Sunday, July 26, 2015

Why You Might Want To Encrypt Your Syslogs Now

Why You Might Want To Encrypt Your Syslogs Now
Corrected: June 19, 2015
by Alex Woodie
Every day millions of IBM i server events are packaged up in the syslog standard and sent offsite for safekeeping and analysis. In many cases, the syslog files are sent in plain text across the wire because, hey, they're just boring old log files, and what could anybody ever do with those, right? Wrong, says IBM i security software company Raz-Lee Security.

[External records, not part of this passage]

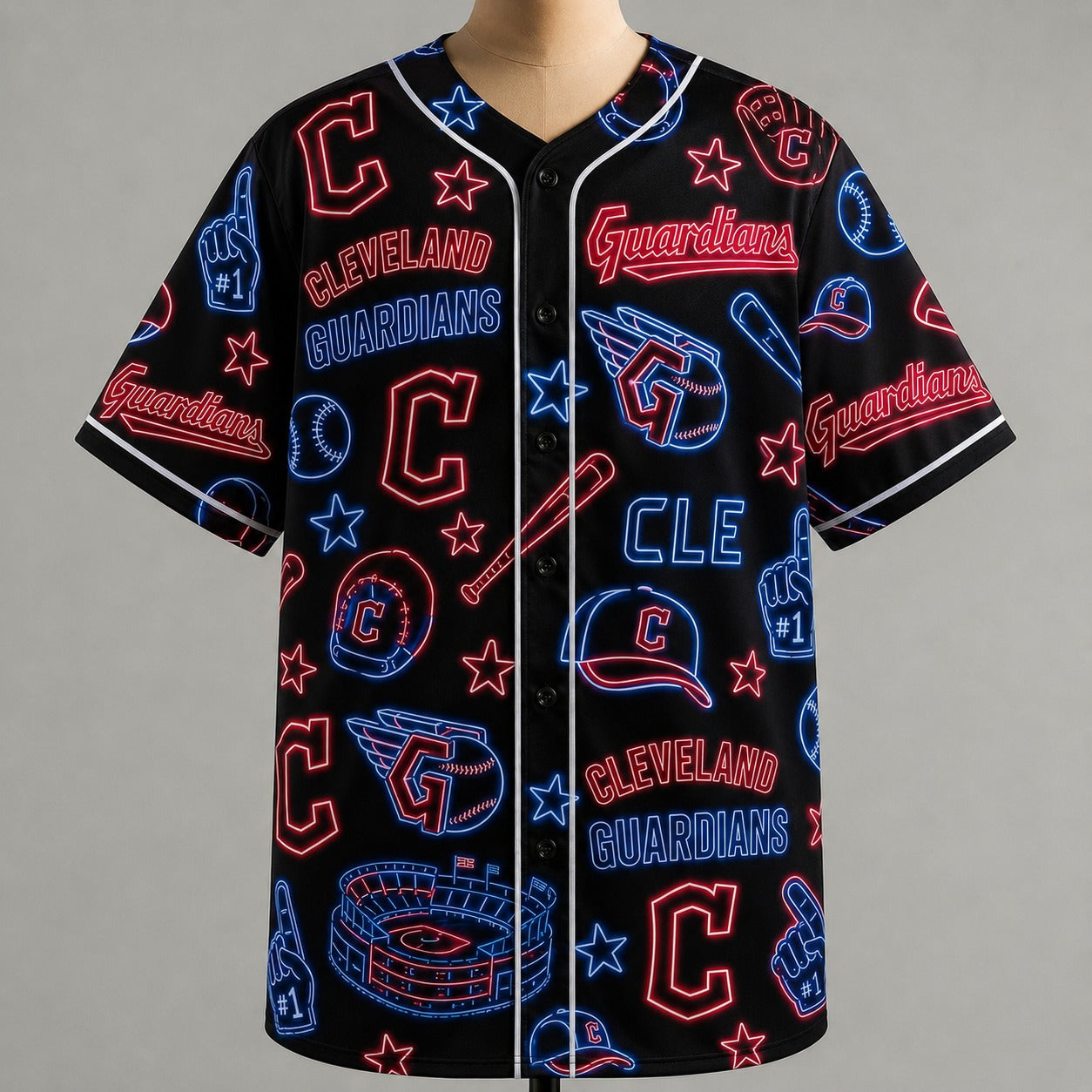 All Baseball Jersey Teams Neon Pattern Vibe Summer Party Baseball Jersey For Men and Women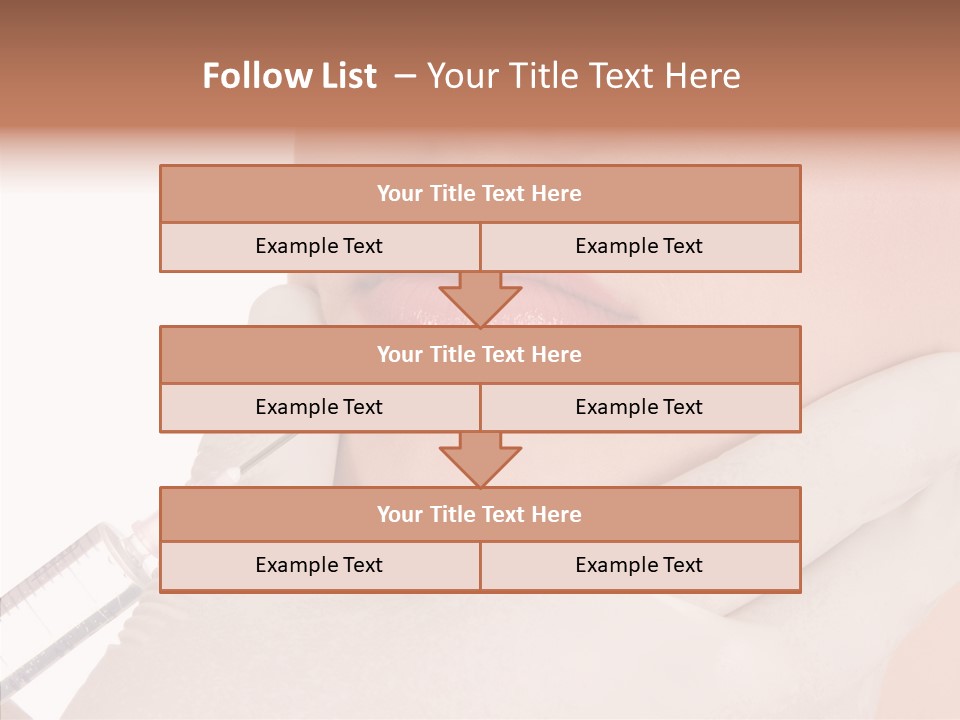 Aesthetic Lips Rejuvenation PowerPoint Template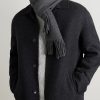 Logo-Appliquéd Fringed Cashmere Scarf - OU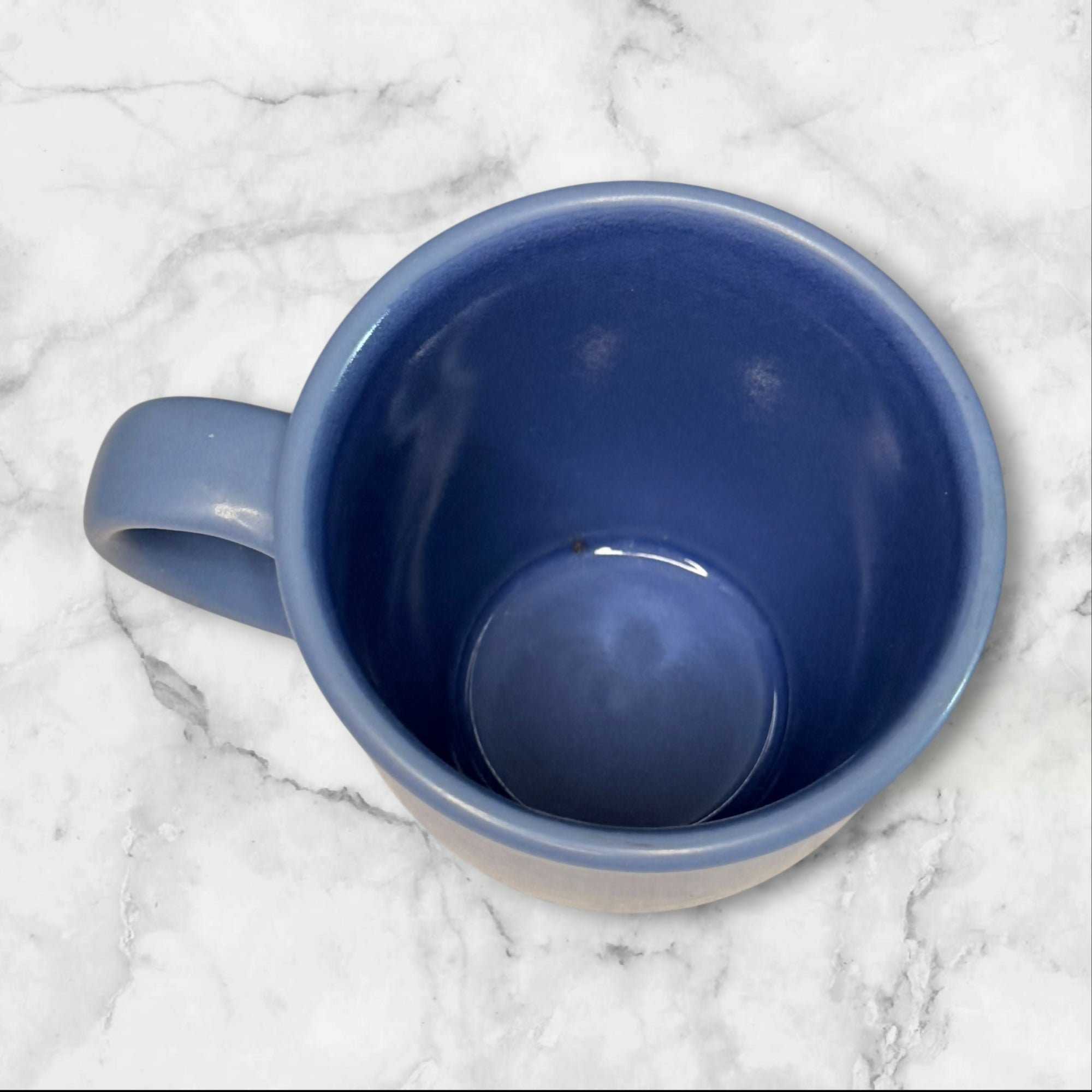 Dansk Centry Dinnerware Blue Mugs | Set of 2 | Portugal | Rare Vintage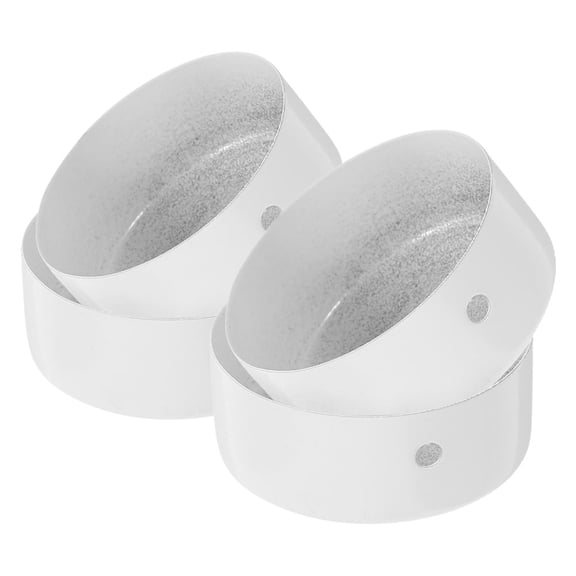 WHAMVOX 4 Pcs Cable Railing Handrail Cover Plate Metal Stair End Caps White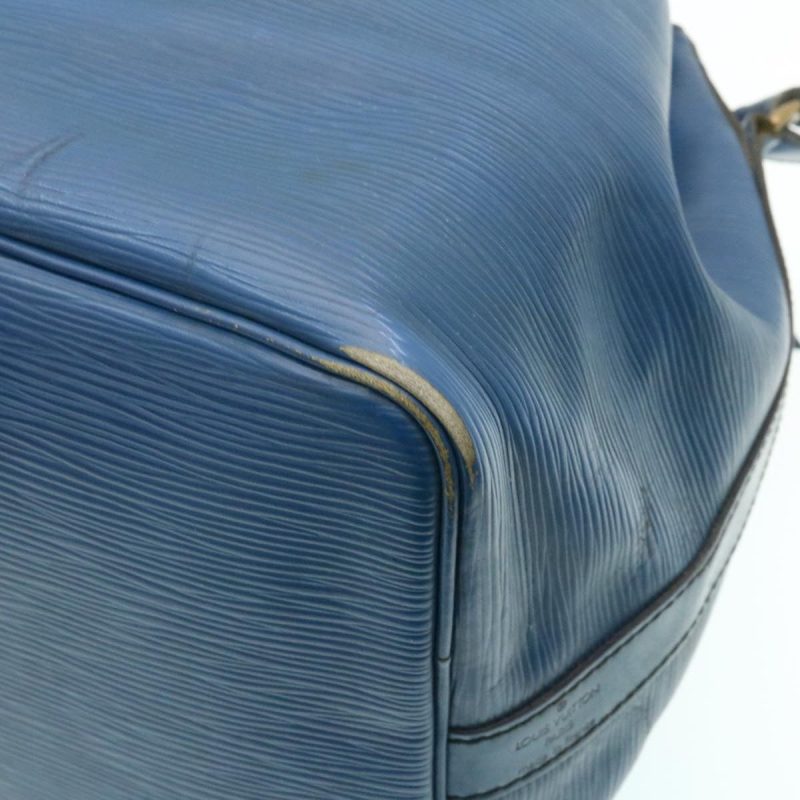 LOUIS VUITTON Epi Petit Noe Shoulder Bag Blue M44105 LV  ai182 - Image 15
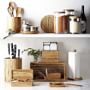 Williams Sonoma Olivewood Utensil Holder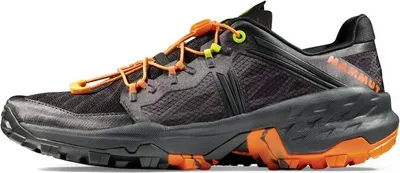 Zdjęcie produktu dla Sertig TR Low Men - Mammut (Performance Hiking Footwear (Low)), Kolor:czarny-ciemny mandarynkowy, Rozmiar:8.5 UK / 42 2/3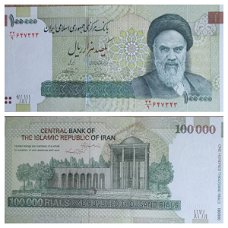 Iran 100.000 Rials #151 U35 UNC Nr 647323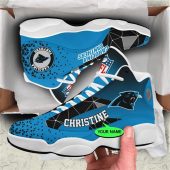 Carolina Panthers NFL Custom Name Retro Jordan 13 Shoes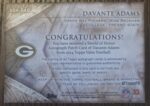 2014 Topps Valor Davante Adam Auto Relic RC - Image 2
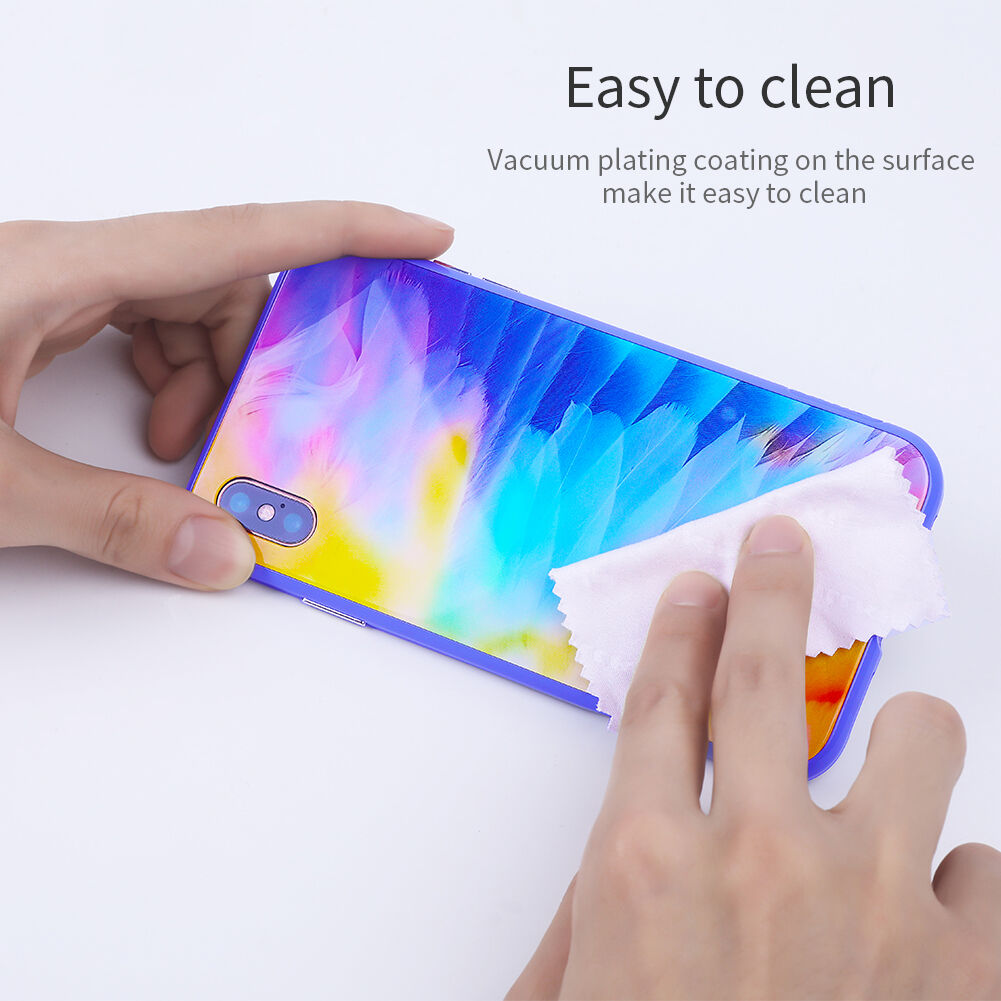NILLKIN Ombre maskica za iPhone XS Max - ljubičasta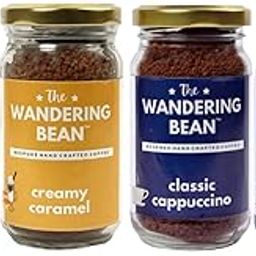 The Wandering Bean Combo Pack Flavored Instant Coffee (Hazelnut + Caramel+ French Vanilla+ Cappuccino) Combo of (4x60g)-image-67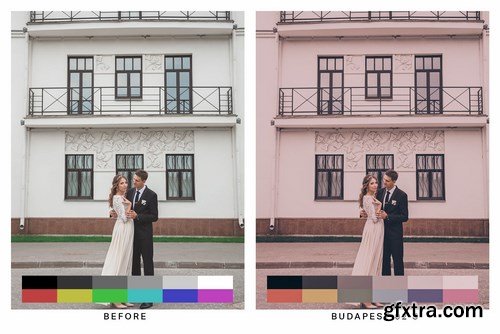 50 Budapest Pink Lightroom Presets and LUTs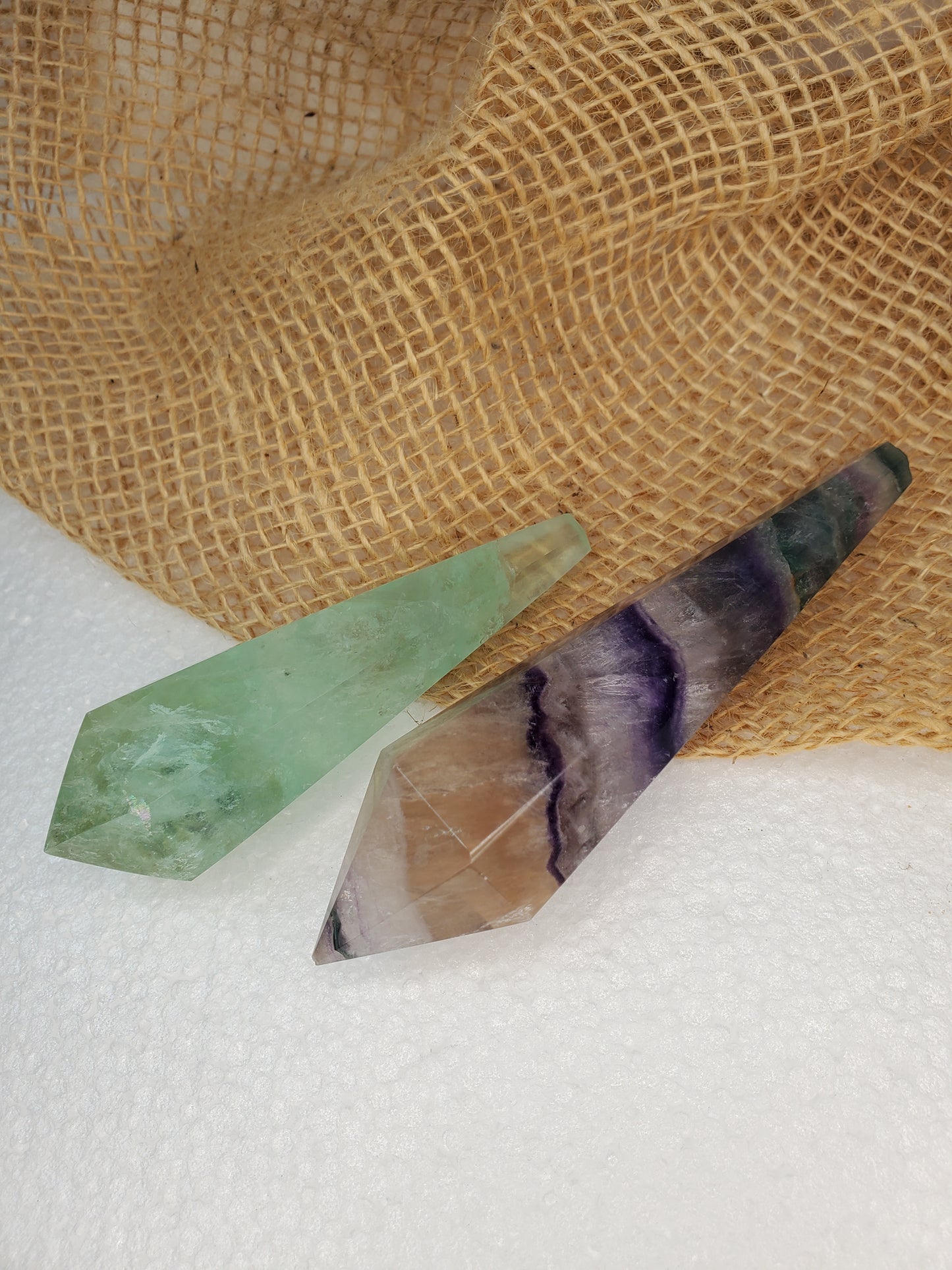 Green/Rainbow Fluorite Wand B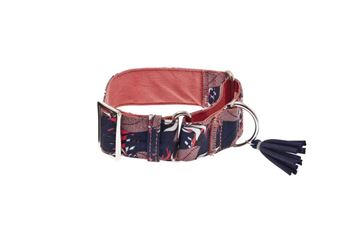 COLLARE MARTINGALA KAMI M 5X32-46CM ROSA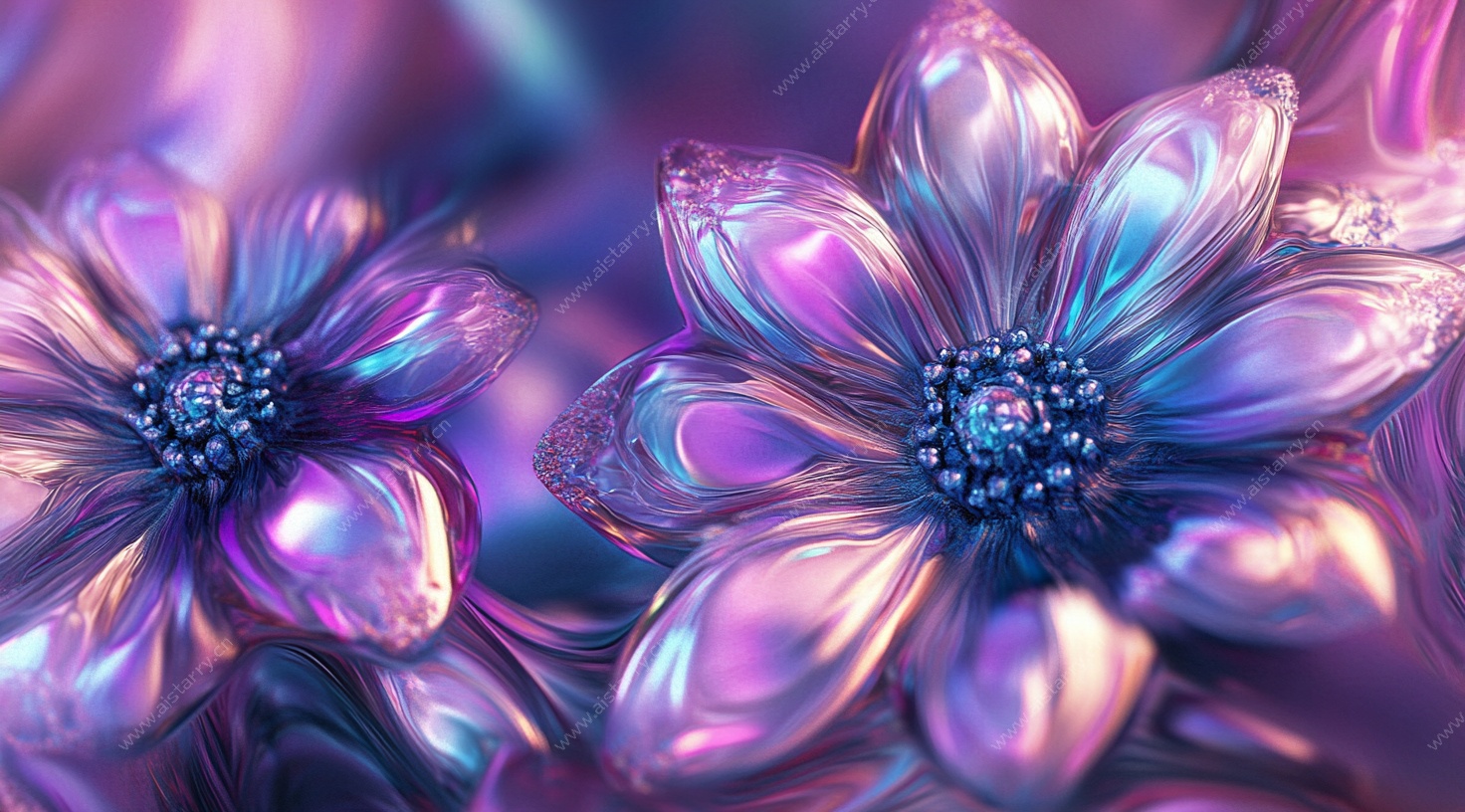 梦幻炫彩花朵艺术图像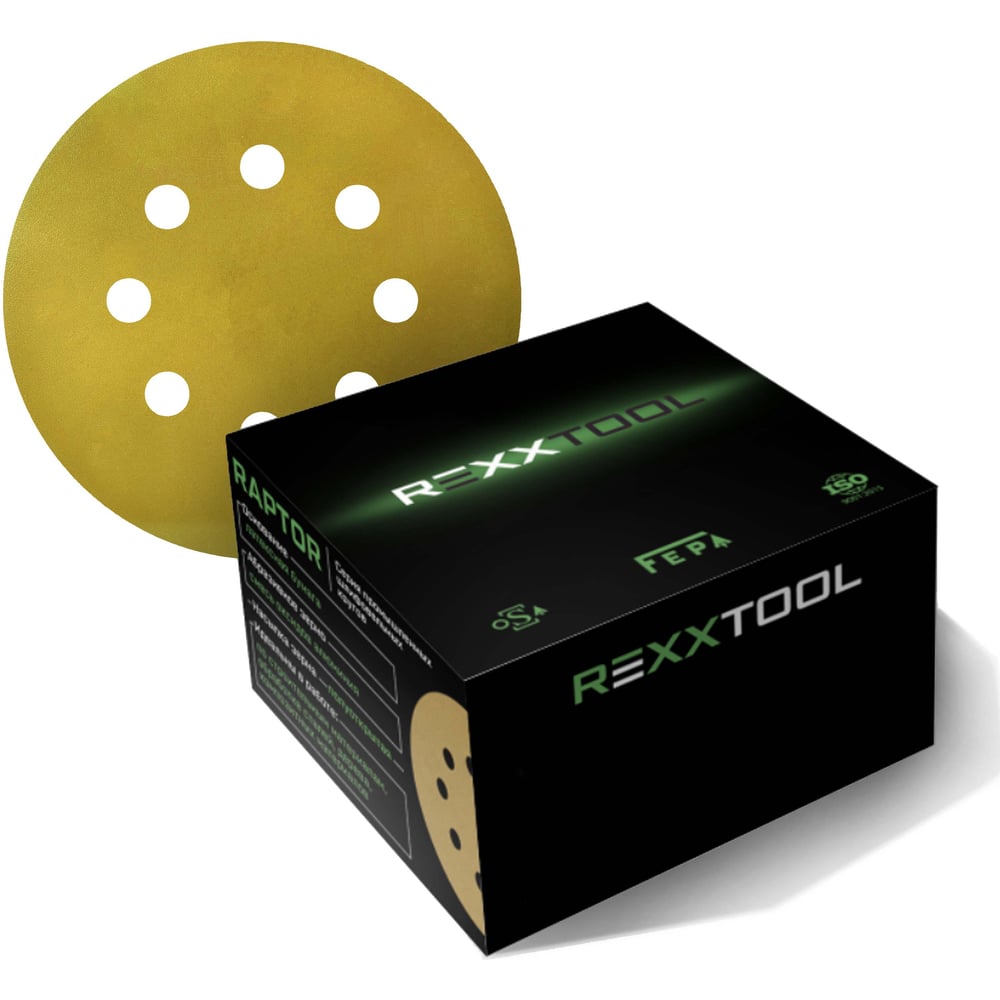 Изображение товара Шлифовальный круг абразивный REXXTOOL RAPTOR 125мм P400 50 шт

Syslogs are a bread-and-butter data format for IT professionals around the world. Just about every device in the data center uses the syslog format to transmit data about what it's done. All sorts of IT activities are documented in syslog, from debugging applications and general systems management to real-time network alerts and security auditing.
In the security space, syslogs are the de-facto standard for sending system events to the all-important security information and event management (SIEM) products that do the hard work of analyzing and correlating activity occurring across different servers, networks, databases, switches, and various other systems. No platform is an island these days--not even the venerable IBM i server--and SIEM products like IBM's QRadar, Hewlett-Packard's ArcSight, LogRhythm's Security Intelligence, RSA Security's enVision, and Splunk's Enterprise Security are critical assets in the ongoing war against cyber criminals.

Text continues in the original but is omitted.